We visited all those beautiful places where our ancestors lived- Bradford on Avon, Westbury, Lacock…. It was wonderful and now I’ve got lots to do to record it all on my family tree.

The Swiss Mountain scenery was everything I hoped it would be and riding the trains through that scenery was great. It even snowed for us in St Moritz – the first snow of the season. I loved all of that. Every bit of it. It was stunning.

However, we were very disappointed with the Travel Marvel Alpine Train Tour. It was not run by Travel Marvel. They have an arrangement with Great Rail Tours who actually organise the tour. Our itinerary stated that Travel Marvel promise luxury travel of the highest standard and premium accommodation. Some of our hotels did not provide premium accommodation and the organisation of the tour left much to be desired. It was not luxury travel.

In the past, we’ve organised our own travel. In 2015, we travelled around Spain by train staying in appartments for six weeks and we had a great time. Managing your own luggage is difficult when you’re getting off on on trains, some with three steps and limited luggage storage aboard. We could do it then. But we are older now and have a few issues we didn’t have then. We were worried whether we could manage. So we booked a luxury tour with full porterage, thinking we’d pay someone to do the hard work for us. Except it wasn’t luxury travel and a lot of the time we had to manage our own luggage. It was very difficult for us. Other guests on the tour were very helpful and took care of us but we weren’t their responsibility.

We had thought that we might do a similar trip on the trains of New Zealand but we won’t be doing another Travel Marvel tour anywhere.

STEAM museum at Swindon

I’m celebrating. My body clock has realigned. Lights out at 10ish, wake about 6:30. Thank goodness!

Yesterday we returned to Swindon to visit Steam which is a museum telling the story of Great Western Railways. Everyone agreed that it’s one of the best museums they’ve seen. So many of the men in our family worked here and many did their apprenticeships there.

The first was my GG Grandfather, Frederick ALLEY, who moved his family to Swindon about 1869, 1870 and he started work as a labourer. Prior to that he was a cordwinder or shoemaker in Trowbridge. By 1881 he was a machine man and his son Frederic Ernest (my grandfather) was apprenticed as a boiler maker. His younger sons became apprenticed as they reached the age of 15. Twins, Frank & Jesse, we’re too; Frank as a tin smith and Jesse as an engine painter. Jesse’ apprenticeship was for 6 years! Others of the family joined the company too. When Frederick retired he was instrumental in forming an organisation for the retired men & he was secretary of it for many years.

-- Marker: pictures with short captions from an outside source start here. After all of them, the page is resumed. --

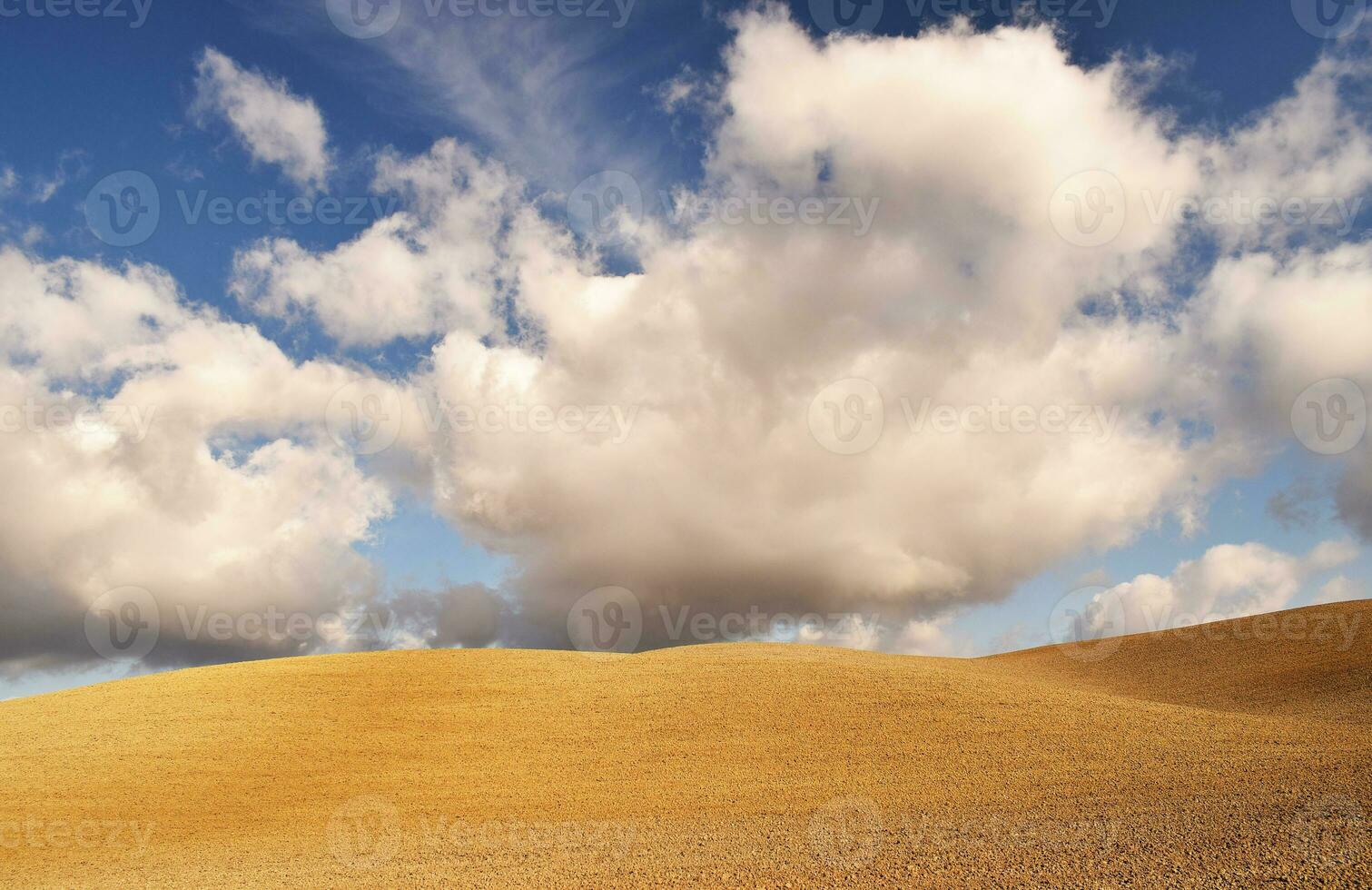 The Tuscanian hills photo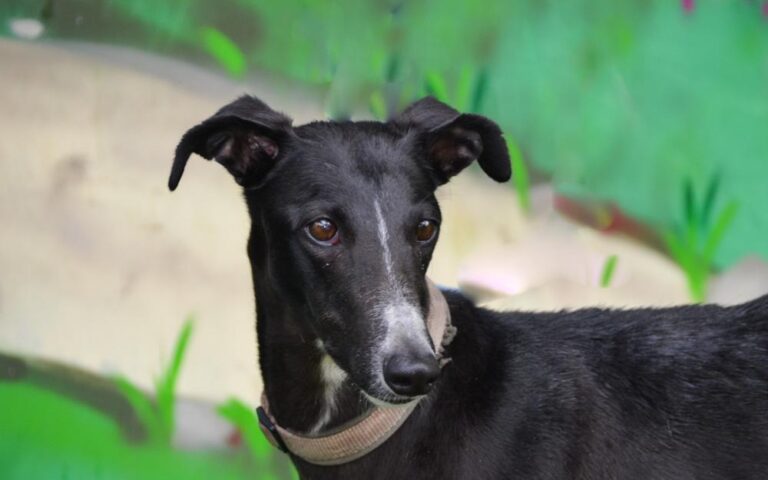 multimedia-foto88930-919-1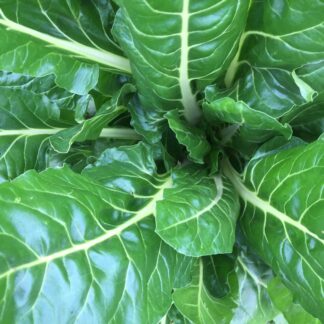 Swiss Chard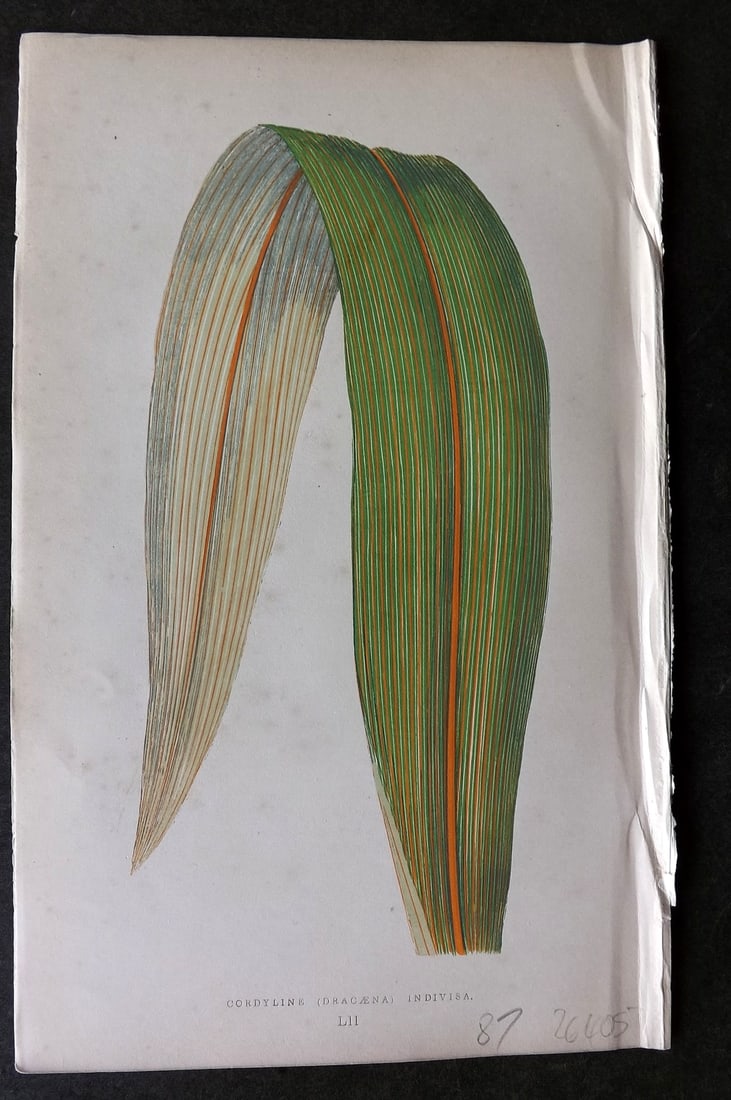 Lowe Beautiful Leaved Plants 1866 Botanical Print. Cordyline Indivisa: Antique Woodblock Published 1866, London for "Beautiful Leaved Plants, Being a Description of the Most Beautiful Leaved Plants in Cultivation in this Country" by Edward Joseph Lowe. Most plates printe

When we arrived at Steam we were very happy to meet up with Fran and Wendy once more. (Christine was too busy getting ready to fly to the Greek Islands). Wendy showed us a wonderful old family bible given to my GG Grandmother, Elizabeth GOULD, by her mother Ann GOULD née MILLARD on her 21st birthday. It has all the family dates written in the front. What a find!

A page from the bible

I’ll tell the story of the museum in pictures

The wheels used initially. It was 7ft
It was tough. Only 10 minute toilet breaks or you were docked pay

Life was tough. There was no safety equipment of any kind not even noise protection and there were many horrible accidents. The company built a whole town of housing and set up a health system which became the beginning of the National Health.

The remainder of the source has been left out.